I hoped to hit a training block PR double last week in preparation for attempting a 315-pound bench before our baby gets here. As I worked my way towards that heavy double, I felt flat. The weight moved but not with the “pop” that I expected. I sat briefly and thought about my options for proceeding that day and moving through the rest of this training cycle. At that moment, I realized I hadn’t taken a training break since I started this program in January. I caught the burnout early and decided this week would be a deload week.
I took 87% of my projected max for two doubles, which I doubled in week three. It was still moderately heavy but allowed me to do some work while my body recovered from the previous three months of work. On Wednesday, I took 60% for eight sets of three. On Friday, I gave pressing movements a break and trained my back. I kept telling myself, “slowing down is not stopping.”
My elbows have ached a bit here and there, but I’ve been able to mitigate elbow pain for the most part. After missing my first rep of the program two weeks ago, then having to slow down and plan a deload, the warning signs of overuse started accumulating. I was nervous about whether or not I’d be able to hit my goal before the wheels began to fall off.
Paint or Get Off the Ladder
My family has a different saying for this, but I gave up swearing for lent and have to get creative at times. Today was the start of a new training block, calling for a max effort bench for a heavy single. Three hundred-five pounds was the last heavy single I took four weeks ago. Coming off a deload and thinking about the accumulated wear and tear, I decided today I would hit my goal of a 315-pound bench press–26 days before the deadline I set for myself.

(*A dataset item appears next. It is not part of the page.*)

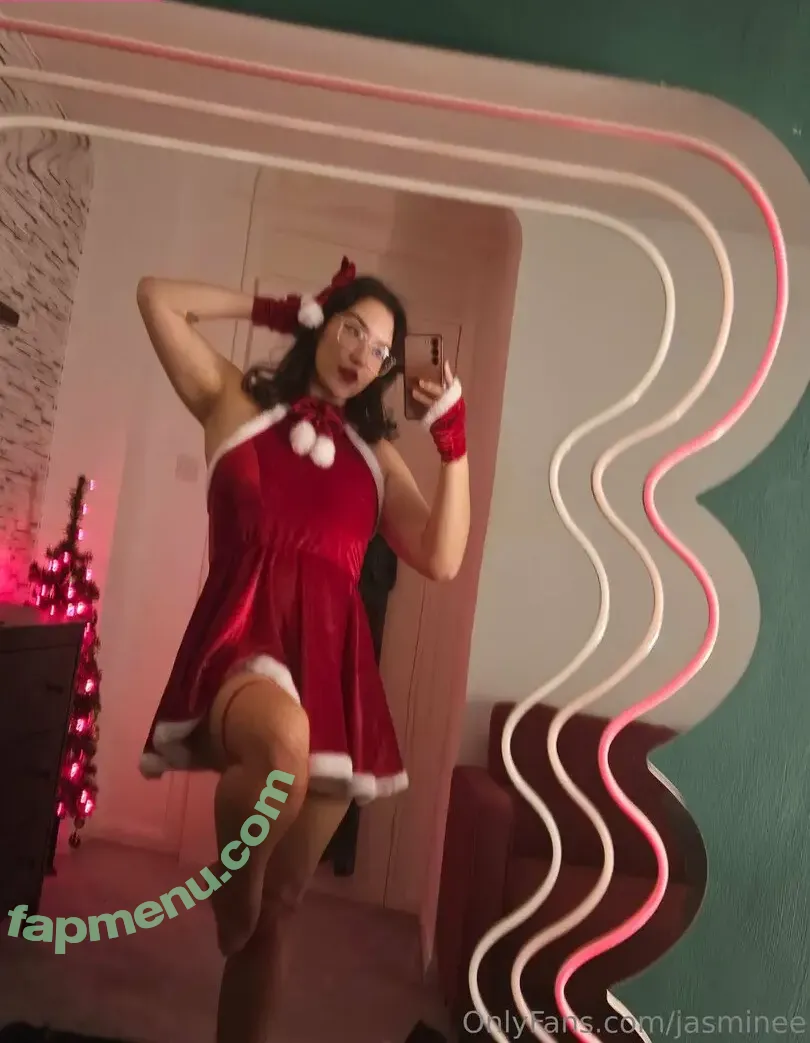 jasminee nude photo #0009 (official.jasminee_)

The gym was quiet, with few folks around. Scanning the gym, I saw a familiar face as we met by the drinking fountain. Jon, my chiropractor, was wrapping up his workout. When I told him today was the day I’d hit my goal, he stuck around to help me out. After a deload, a weekend of eating and resting, and a trustworthy spotter locked down, there was no turning back.
Shock and Awe
People often shortcut their warm-ups, but with my goal on the horizon and my chiropractor helping me, there was no shortcut.

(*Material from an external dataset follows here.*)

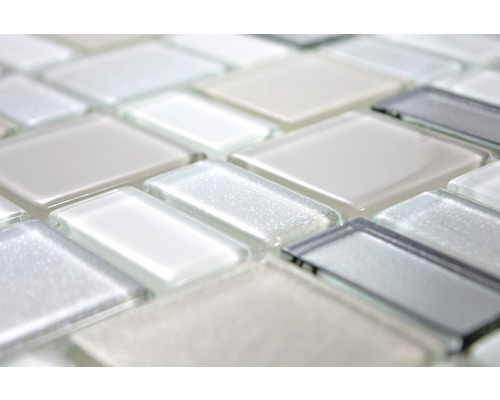 Close-up van glazen mozaïektegels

Set by set, I felt faster. Fifty percent. Sixty-five percent. Seventy-five percent. Eighty-seven percent. Ninety-four percent. Finally, I took 315.
“One. Two. Three. I got it.”
The handout was perfect. Big breath. Stomach up. Touch. Pause. Press. Rack.

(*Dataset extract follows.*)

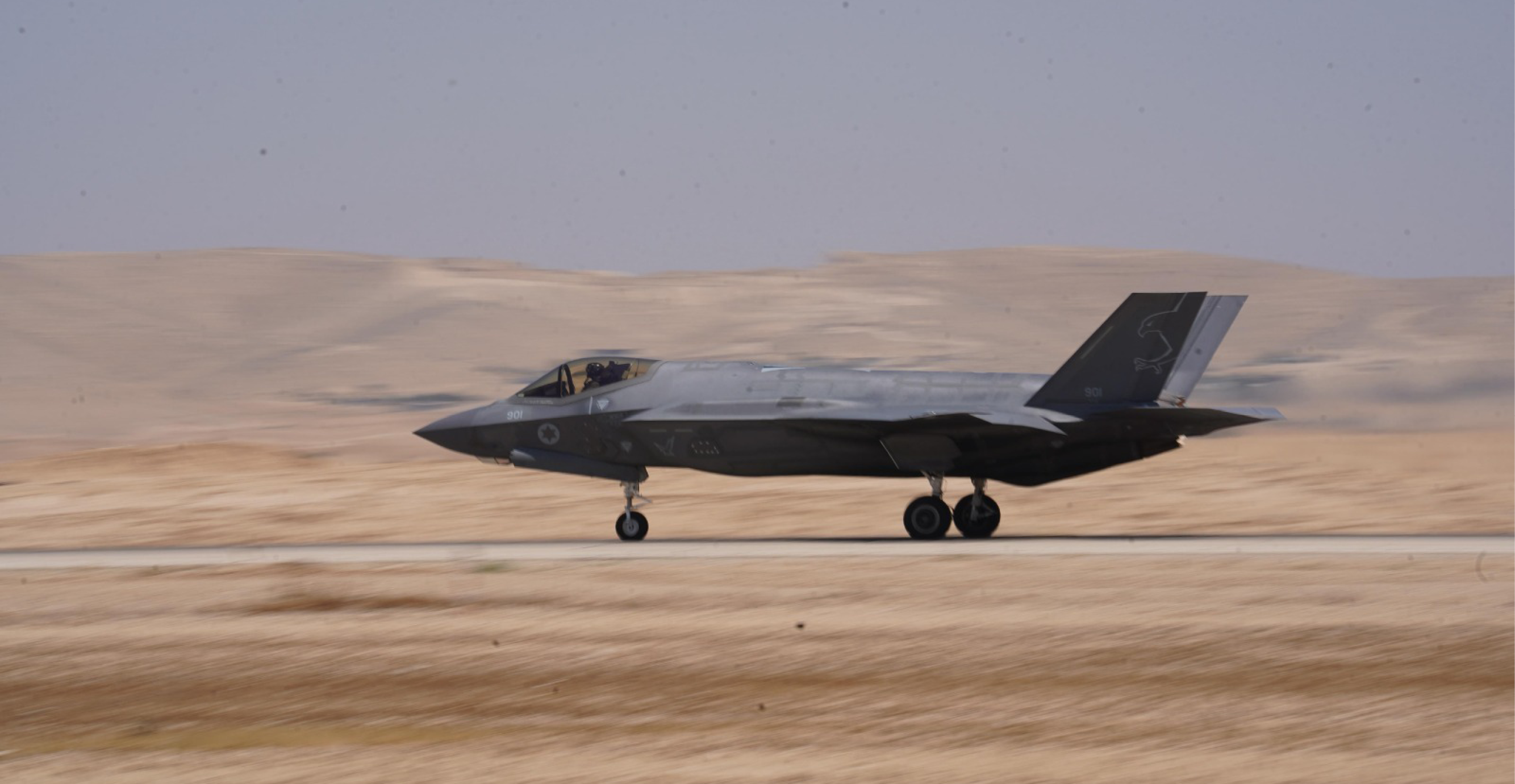"חווינו במלחמה הזאת את ששת הימים על סטרואידים". מטוס ישראלי ממריא בימי מבצע "עם כלביא" | דובר צה"ל "חווינו במלחמה הזאת את ששת הימים על סטרואידים". מטוס ישראלי ממריא בימי מבצע "עם כלביא" | דובר צה"ל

I was shocked. Not that I got it; I had to get it. I was amazed at the speed at which I locked it out. After missing my first rep of the program two weeks ago, needing to take a deload last week, and hitting my goal with gas still in the tank, I’m proud of this milestone.
Goals change, and your training should mimic those changes. Sometimes, to keep the train rolling, we must slow down and take inventory of where we’re at. Many people fear slowing down, thinking they’ll lose momentum in their progress. When you’re training hard and pushing your limits, it’s important to remember that slowing down is not stopping, and slow progress is still progress.
I’ve enjoyed this training cycle and am excited to tackle my next goal.